In his first two budgets, Gov. Tom Corbett slashed and slashed. Critics say slashed and burned.
Faced with the disappearance of federal stimulus funding and having promised not to raise taxes, including not imposing a Marcellus Shale gas extraction tax, Mr. Corbett decided instead to cut spending on education, social services, economic development and a host of other programs.
The cuts angered many, a fury partly reflected in the governor's poor poll numbers. In the latest Franklin & Marshall College poll released just last week, Mr. Corbett's 26 percent job approval rating is the lowest for any sitting governor in the 20-year history of the poll.
This year, the year before Mr.
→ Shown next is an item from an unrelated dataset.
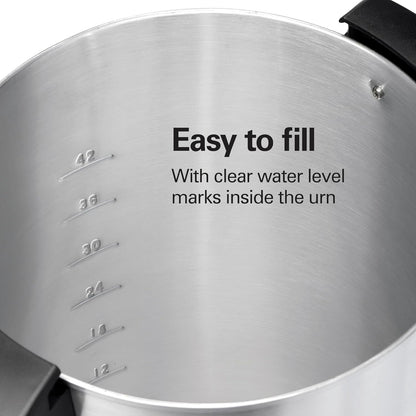 45 Cup Coffee Urn and Hot Beverage Dispenser, Silver | Fast Brewing 1 Minute per Cup | Makes 15-45 Cups | Two-Way Lever for Manual or Continuous Pouring | Silver | 40515G7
Corbett must go before voters to earn a second term, the cuts are largely gone, replaced by flat funding or small increases, such as the $90 million more for basic education funding for public schools and $8.5 million more for the Children's Health Insurance Program.
Mr. Corbett took the CHIP hike and turned it into a photo opportunity Wednesday, the day after his budget address. With the media peeking in, he chatted up children at the Osterhout Free Library in Wilkes-Barre.
It was a first step toward the rehabilitation of Tom Corbett in the public eye.
"I can't think of a better place to do this," Mr. Corbett said as he began addressing the room.
He wasn't necessarily talking about his upcoming makeover, but he could have been.
Democrats, whose candidates are weighing a run against him next year, say Mr. Corbett's budget is part of his makeover.
"In any year, if a governor wants to find the money to do the right thing, a governor can find the money to do the right thing," state Democratic Party chairman Jim Burn said. "In this year, a year before the election, where the governor's (poll) numbers are at record-breaking lows, he is trying to placate folks who are very upset with his abysmal leadership by a little intermittent gratification with a few minor streams of revenue."
This budget and his next one, which Mr. Corbett will announce a year from now, will frame his re-election, but he dismissed the notion his latest spending plan is about politics.
But even the choice to highlight increased CHIP funding could be read with a political overtone.
"It's also fitting that we're here because this is Gov. (Robert) Casey's stomping grounds up here in the Northeast, and the CHIP program was actually established under Gov. Casey," he said. "As we all know, the health of our children does matter."
Especially to moderate Democrats, whose support Mr. Corbett will need if he plans to win a second four-year term.
In a state where Democrats outnumber Republicans by more than 1.1 million voters, it does not help Mr. Corbett that three-fifths of Democrats (60 percent) have an unfavorable view of him; only about a fifth of people (21 percent) who consider themselves moderate view him favorably; and less than a quarter of independents (23 percent) have a favorable view, according to the latest F&M poll. Even Republicans and conservatives struggle to like him with only about four in 10 (42 percent) of Republicans and between four and five in 10 (45 percent) conservatives having a favorable view.
"I see Pennsylvania turning the corner, maybe before other states are even turning it because we have a great deal of resources here in Pennsylvania," Mr. Corbett said, clearly hoping that he turns the corner with voters, too. "So that when I announced my budget yesterday, we made some decisions that we think we can actually spend more money the last few years and still stay within budget and not raise taxes."
Well, not exactly. Tax rates aren't going up, but tax revenues will rise to get more money for fixing roads and bridges because he is proposing to gradually lift the cap on the oil company franchise tax. Drivers will pay more for that, regardless of what the governor says.
Mr. Corbett is counting on people understanding that the pain of the last two years was necessary, and now that revenues are improving, he's trying to fix roads and bridges and help reduce waiting lists for services caused by his cuts.
"We'd love to have all the money in the world, but we don't," he said. "We have a finite amount of resources and an infinite amount of requests. There are more people that would like to see more money going into roads, going into welfare programs, going into a number of different programs. But we have to live within our means."
Even Republicans only lukewarmly embraced Mr. Corbett's new budget, especially its plan to provide temporary new money for early childhood education through the sale of the state liquor stores.
"I remind everybody the budget is the start of the process," he said in Wilkes-Barre.
He meant that a governor's budget just initiates the annual debate on how to spend state taxpayer dollars, but he could have been talking about his political comeback, too.